WORK TO BE COMPLETED: Exact repetition of a range: find the line containing "ParasmeSaurabh's tweet photo." and the line containing "Pretty industrictible..." in the material below, then repeat both and all lines between them, leaving pictures out.

ENTRIES PROVIDED:

○ ○ ○ ○ ○ ○ ○

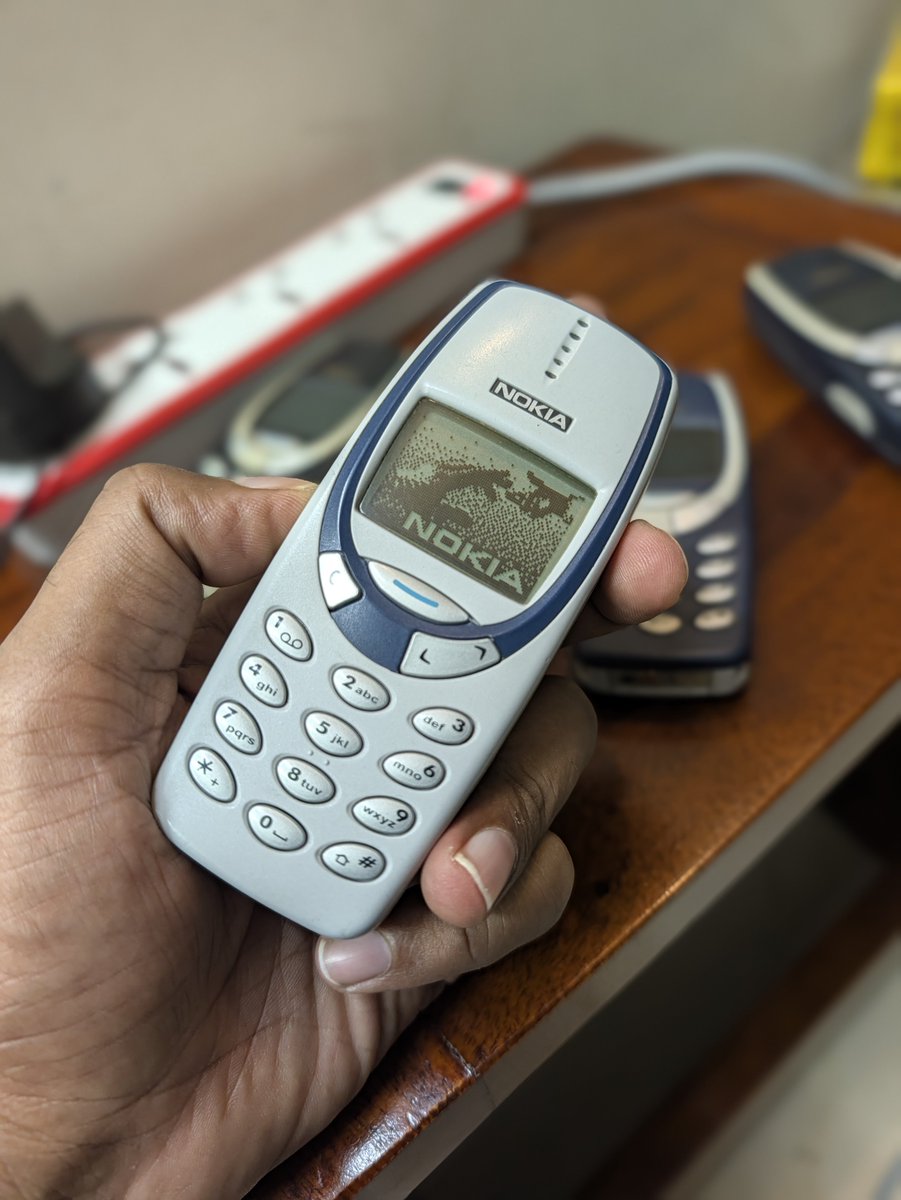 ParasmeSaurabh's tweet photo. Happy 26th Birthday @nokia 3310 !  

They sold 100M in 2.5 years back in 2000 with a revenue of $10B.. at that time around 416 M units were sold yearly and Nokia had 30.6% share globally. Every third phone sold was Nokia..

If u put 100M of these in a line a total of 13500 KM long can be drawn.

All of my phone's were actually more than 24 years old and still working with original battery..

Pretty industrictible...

○ ○ ○ ○ ○ ○ ○

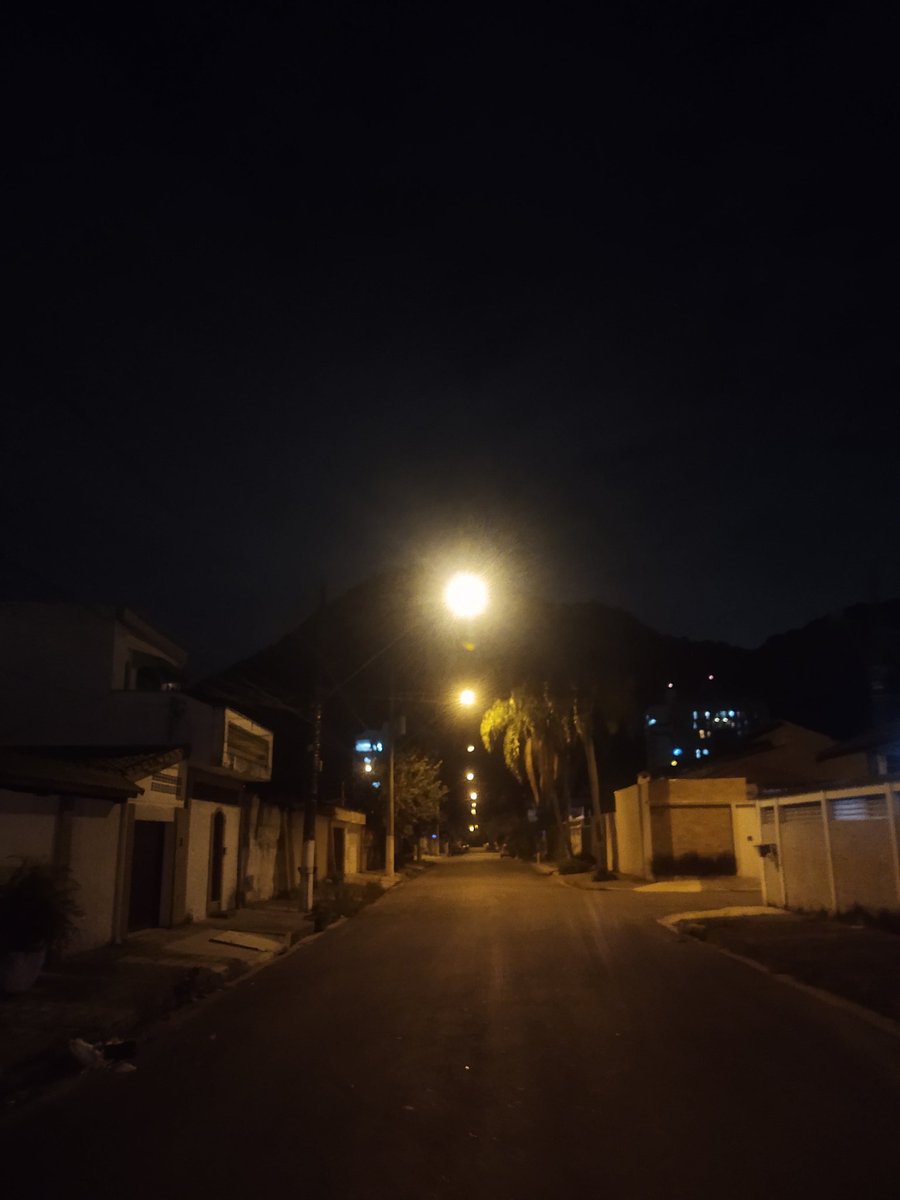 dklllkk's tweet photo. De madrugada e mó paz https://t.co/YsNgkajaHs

○ ○ ○ ○ ○ ○ ○

REPLY TO THE TASK:
 ParasmeSaurabh's tweet photo. Happy 26th Birthday @nokia 3310 !  

They sold 100M in 2.5 years back in 2000 with a revenue of $10B.. at that time around 416 M units were sold yearly and Nokia had 30.6% share globally. Every third phone sold was Nokia..

If u put 100M of these in a line a total of 13500 KM long can be drawn.

All of my phone's were actually more than 24 years old and still working with original battery..

Pretty industrictible...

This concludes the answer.